In addition to spending months dealing with their cases, multiple court appearances translated to lost wages. Defendants sometimes showed up to court expecting that their hearing would be over within an hour or two, after which point they could return to work. Stuck in court all day and missing scheduled work shifts, these defendants quickly learned just how long the process could take. Isiah, a 41-year-old Black man in Texas, shared his experience:
I wanted him to be in there. I don’t want this case to be reset because I don’t have time and stuff right now. They’re causing problems in my life because I work and right now we’re only getting 40 hours a week on our job. And by me coming here, I’m missing out on money by being here.
Fortunately, Isiah’s employer was understanding and able to accommodate him. Nevertheless, he missed out on a full day’s earnings because his job paid hourly wages and offered no paid time off:
Actually, I thought the process was gonna be a little quicker than this because after I left here I was gonna go back to work for the day. But as you can see, I’m still sitting here. They have a trial going on right now so I might be here on up until tonight.
Taking time off from work could be especially frustrating when court actors informed defendants that they would need to return on another day due to their cases being reset. This occurred for any number of reasons—if, for instance, the defendant forgot a document, or because of some bureaucratic issue beyond the defendant’s control or understanding. Jack, a 53-year-old Black man from New York, described a protracted issue with traffic violations. His car had been impounded two years earlier, after which point his insurance lapsed. He settled everything with the Department of Motor Vehicles (DMV) and went to court. But then, when the court made an issue of the tickets he thought he had resolved, the confusion between the two agencies left him in a state of vexation:
So I went to DMV. I couldn’t go that Monday because I babysit my, uh, granddaughter then I go to work. And so I went that Tuesday … they straighten it out … They gave an interim license, and I took it and gave it to the judge … This is when we came to court the first time … And so I gave it to them, and instead of her saying, “Okay. You comply.” Instead of that, then that’s when she bring up insurance lapse and all this crap. But she didn’t say which car. I was telling the last, uh, attorney, I was saying that was car from two years ago … It’s a process. Okay? I don’t like the process. You know. It’s just like, uh, you know, people come and, like, when they was going in front of the judge. I mean, half the attorneys didn’t even know, I mean, they weren’t on the same page … the DA, nobody.
Delmy, a Black Texas woman, recounted the inconvenience of having to repeatedly return to court. She did not know that she was required to appear with an attorney and was told to come back at a later date after hiring one. This was all the more frustrating given that, “Now you missed the whole time you took off work just to go to this court thing, been here for hours, probably the last one to get seen. Then, once you’re seen, it’s just get rescheduled and then you got to do it again.” Some respondents vented irritation and resentment over having been forced to run a procedural gauntlet without having been told the rules to which they would be held until after they violated them.

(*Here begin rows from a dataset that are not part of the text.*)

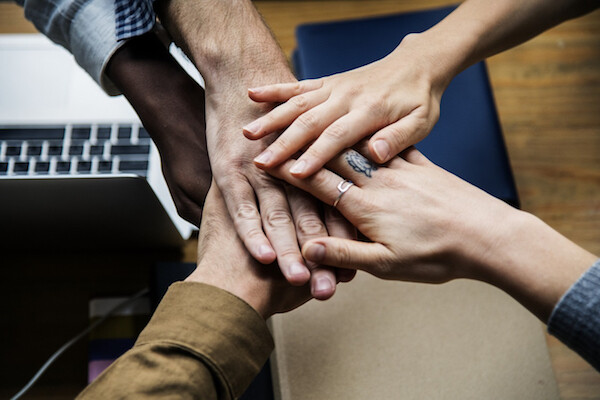 Five hands come together in a group; laptop in background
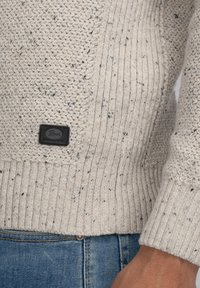 Pull en tricot beige avec un motif texturé, des poignets côtelés et une étiquette en cuir noir unie avec "Pereka" embossé dessus.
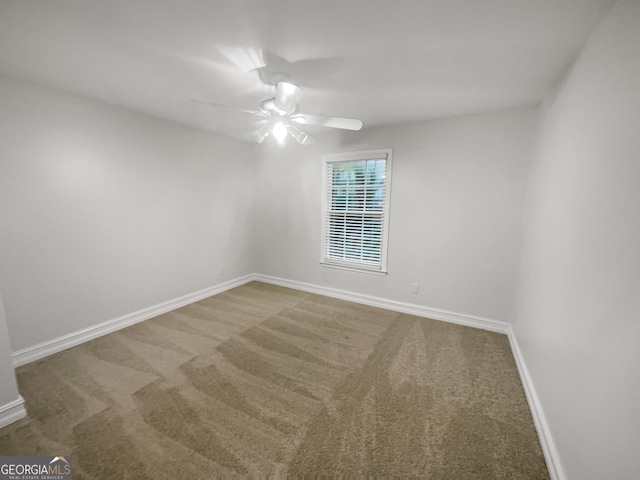 unfurnished room with ceiling fan and carpet floors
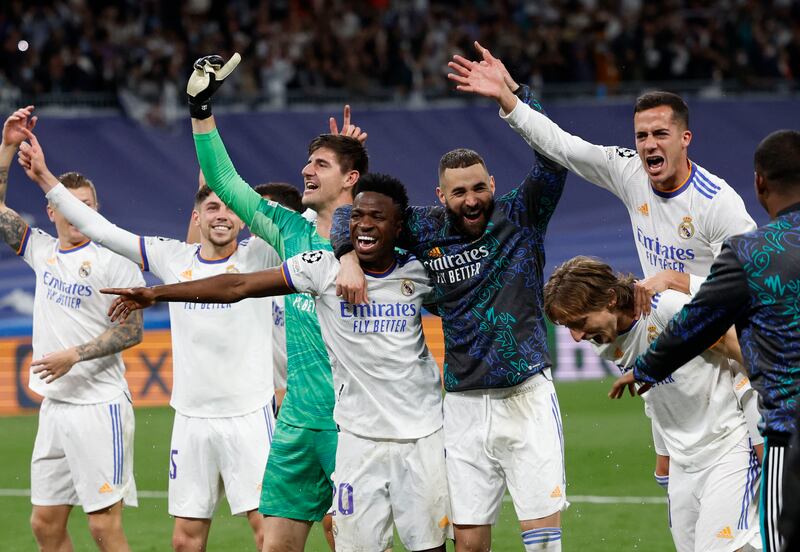 Real Madrid's Karim Benzema, Thibaut Courtois, Vinicius Junior, Luka Modric and teammates celebrate reaching the Champions League final. Reuters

Alternatives to fines and fees, most often community service, could provide some measure of financial relief, but satisfying those requirements seldom proved easy. To the extent that community service and other alternatives functioned as a taxing drain on participants’ time, they represented yet another, slightly more indirect way in which monetary sanctions weigh disproportionately on the poor. Those with resources could simply pay their fines and fees and be done with it, whereas low-income defendants, even if relieved of the financial pressure of LFOs, paid a comparatively steep price via the extraction of time. For Marie, juggling three low-paying jobs rendered her community service hours a virtually insurmountable task. Ruth, a White woman from Texas, struggled to complete mandated classes due to family and child care duties, plus a lack of reliable transportation:
My kids were at least 10, 12, and 15 and they didn’t need … but there’s young women out there with these young kids and they … you’re trying to work to pay for the fines and yet you got to be at this class at night. It’s just, I don’t know how half of us even do that. I really don’t … I had to find a way out there, the buses don’t run that late. Every Thursday night, there’s class. Run out there to do a UA (Urinary Analysis) or Breathalyzer and even if it’s on your weekend. I’ve had to get up on a Sunday and find my way out there just to do a UA before, but I guess that’s the price for freedom.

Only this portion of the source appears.